Теперь я, конечно, раскаиваюсь. Хотя лучше, пожалуй, сказать так: я духовно раздавлен предчувствием того, что мне придется пережить боль раскаяния. Жалкое состояние. С какой стороны ни посмотришь, мое поведение совсем не свойственно человеку-ящику. Меня как бы лишили основной его привилегии. У меня, естественно, есть надежда, но надежда настолько неуловимая, что ее не в состоянии обнаружить даже самый чувствительный анализатор. Неужели в моем ящике начинают происходить какие-то перемены? Не исключено. Действительно, мне кажется, что с тех пор как я забрел в этот город, ящик стал легкоранимым, хрупким. Этот город и в самом деле недоброжелателен ко мне.

Я, конечно, выбрал это место частично по ее указанию, но намекнул о его существовании все же я сам. Опасность, грозящая мне, должна одновременно угрожать и ей. У моста стоит высеченный из камня покровитель детей и путников Дзидзо, подвязанный красным фланелевым фартучком, — его, наверно, поставили в память об утонувшем ребенке. Чуть выше по течению, у каменных ступеней, спускающихся к пристани, огромный, видимо, недавно появившийся здесь щит, на котором белой краской написано, что купаться здесь запрещено. Хорошо еще, что полиэтиленовая шторка на окошке от дождя намокла и уже не напоминает покрытое изморозью стекло — она стала совершенно прозрачной, и через нее все хорошо видно. Ограждающая канал бетонная дамба четко пересекает окошко наискось.
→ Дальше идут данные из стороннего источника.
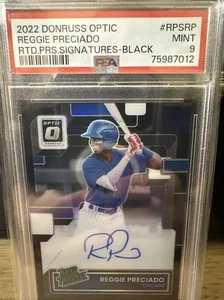 2022 Donruss Optic Reggie Preciado Signatures /25 Black PSA 9 Cubs Prospect - Picture 1 of 3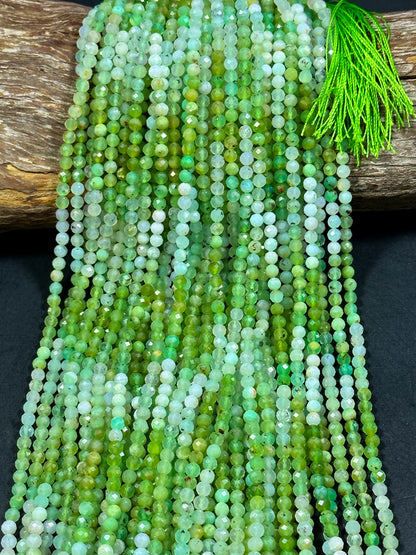 NATURAL Chrysoprase Gemstone Bead Faceted 4mm Round Bead, Beautiful Natural Green White Color Chrysoprase Loose Beads Full Strand 15.5"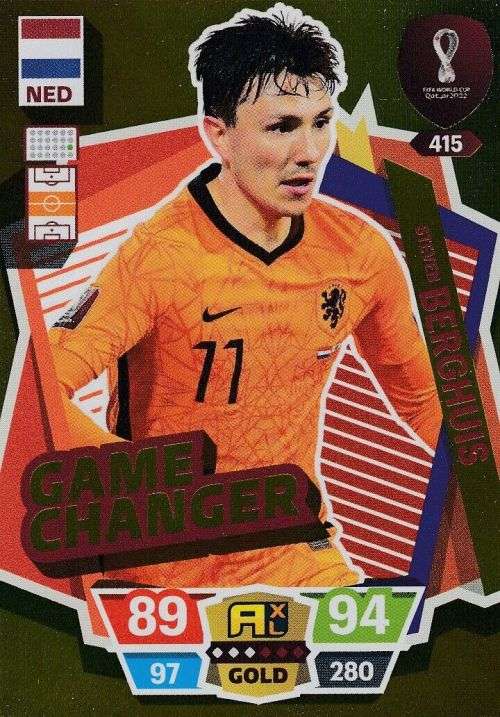 STEVEN BERGHUIS - PANINI `FIFA WORLD CUP 2022` QATAR - RARE `GAME CHANGER` TRADING CARD 415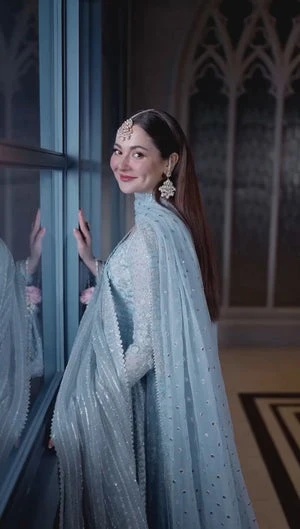 Neorah Miyah pakistani fashion outfit in ivory, blue, teal, green…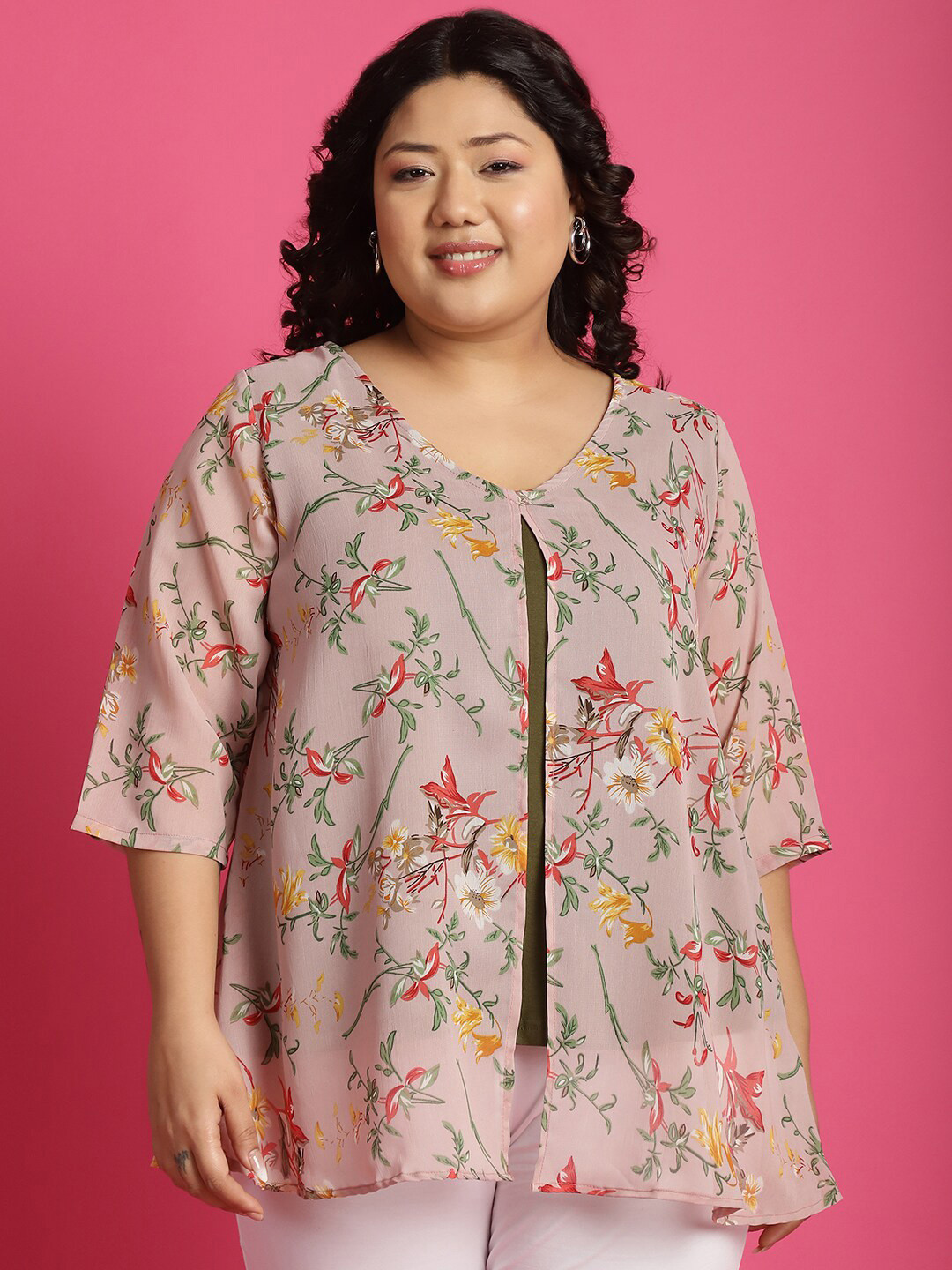 theRebelinme Plus Size Floral Print Cotton Georgette Top, Pink
theRebelinme Plus Size Floral Print Cotton Georgette Top, Pink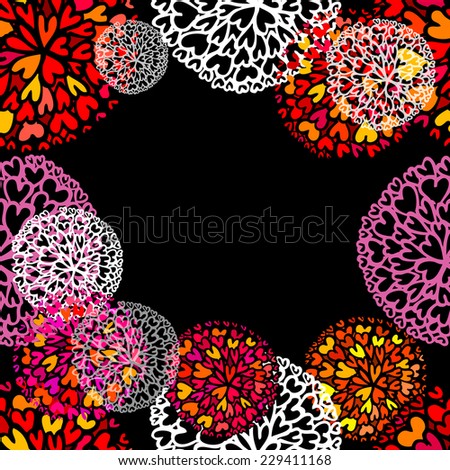 background frame with flowers of hearts. Vector 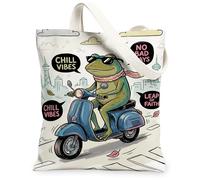 Borsa tote in tela anfibia da donna, giocosa casual con nuvole scooter verde estate lavabile riutilizzabile borsa per la spesa idea per shopping, viaggi, ufficio, biblioteca, casual, 33 x 38 cm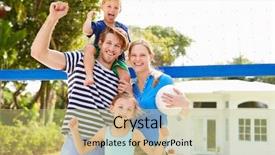  Presentation with volleyball - Presentation theme with outdoor games - family playing game of volleyball background and a yellow colored foreground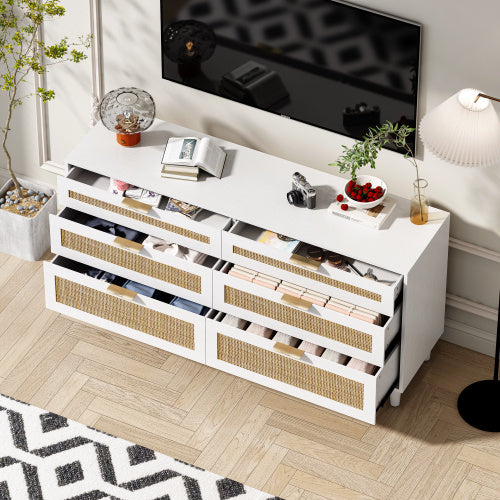 59 Inch Rattan Dresser With Six Drawers White Wood Legs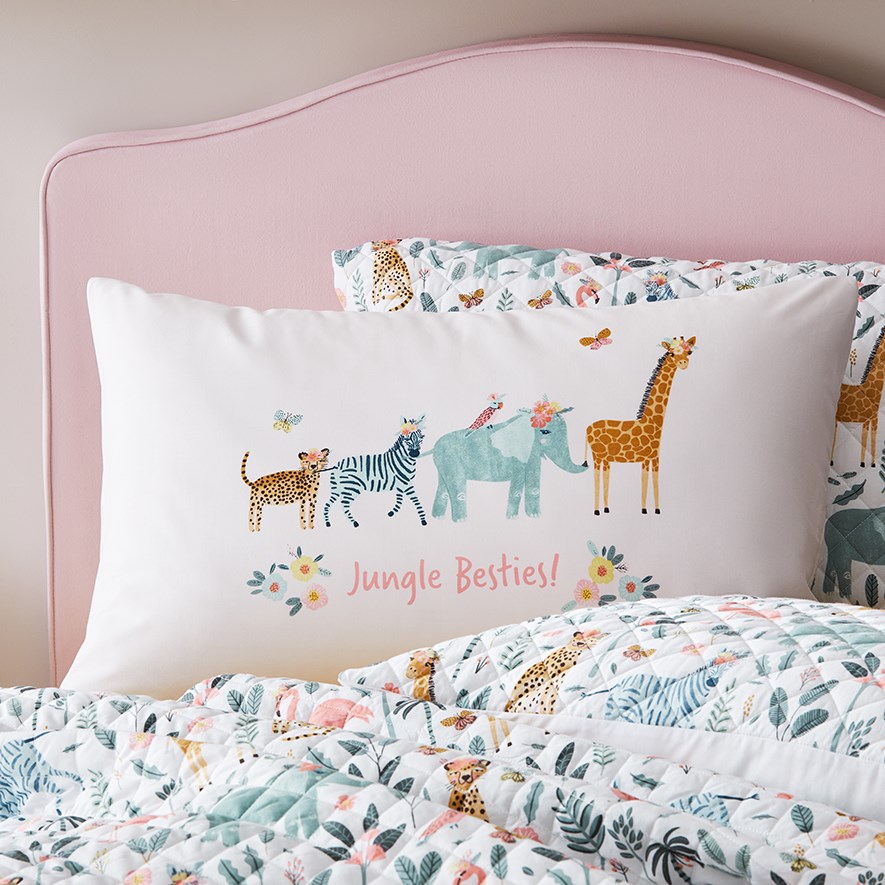Adairs Kids Jungle Besties Bamboo Cotton Pillowcase Adairs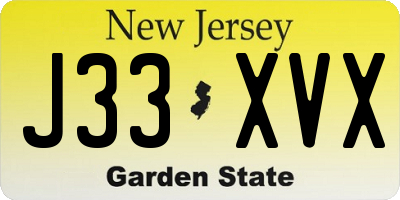 NJ license plate J33XVX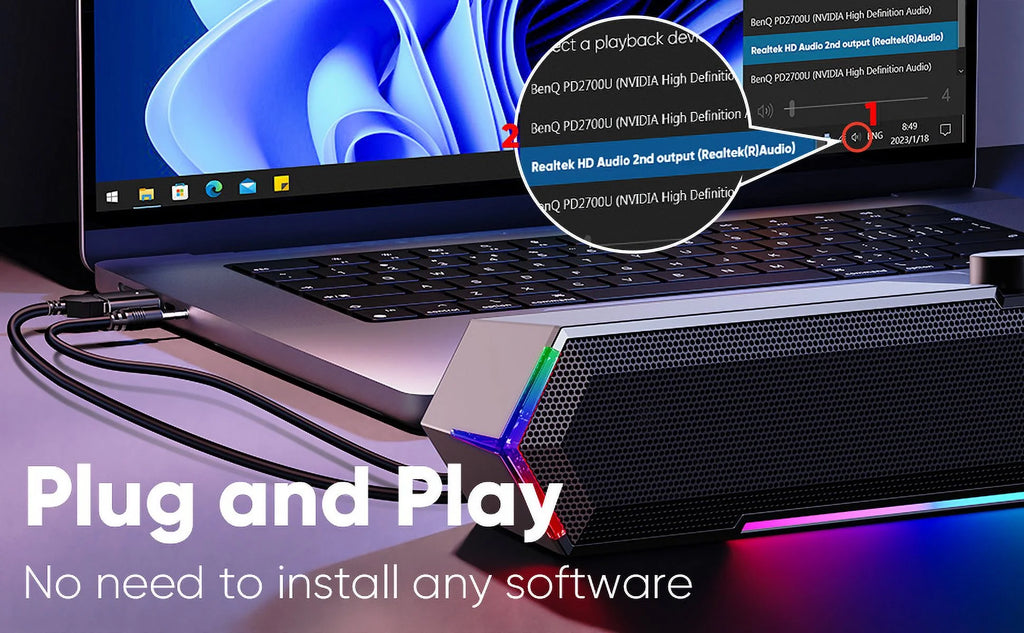 Speakers for Desktop, USB C/USB Powered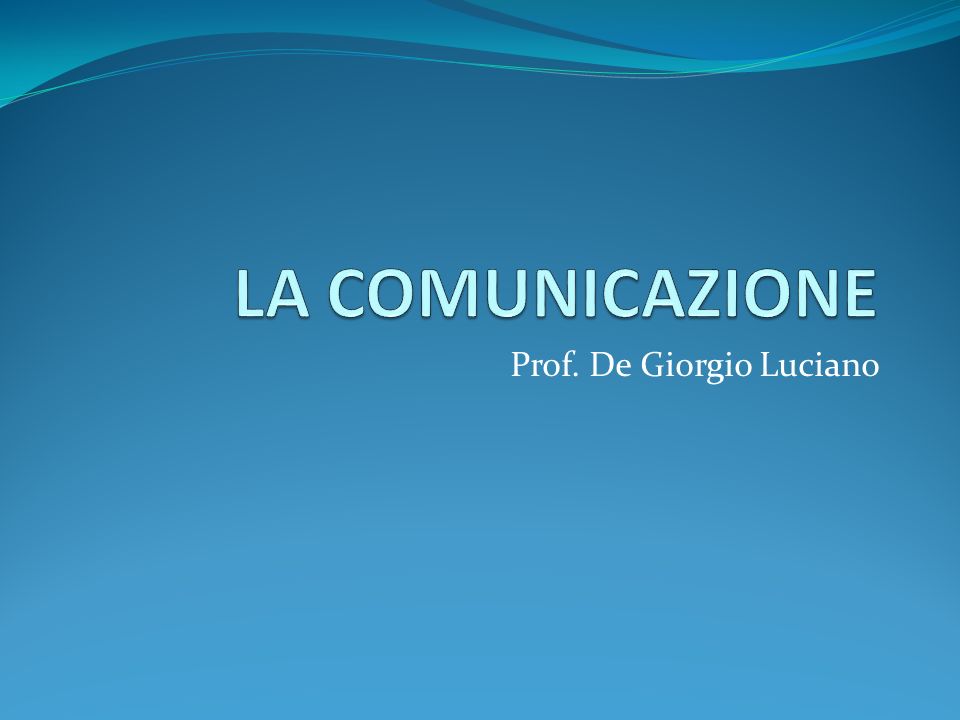 Prof. De Giorgio Luciano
Мертвенно-бледный прожектор стоящего у пристани грузового пароходика, который дрожит мелкой дрожью, борясь с готовым сорвать его мощным течением, тускло освещает пешеходную дорожку вдоль дамбы, и если кто-нибудь появится на ней, то сразу же бросится в глаза, как чернильное пятно на светлом платье.

Вот под прямым углом дамбу пересекает кошка. Бездомная кошка, грязная и взлохмаченная. Видимо, должна скоро окотиться — раздулась, как икряная селедка. Уши разодраны — в драках, наверно. Даже такие мелочи подмечаю, хотя все время пишу не отрываясь, — значит, нервы у меня в порядке. Если она собирается нагрянуть сюда неожиданно, вряд ли это ей удастся.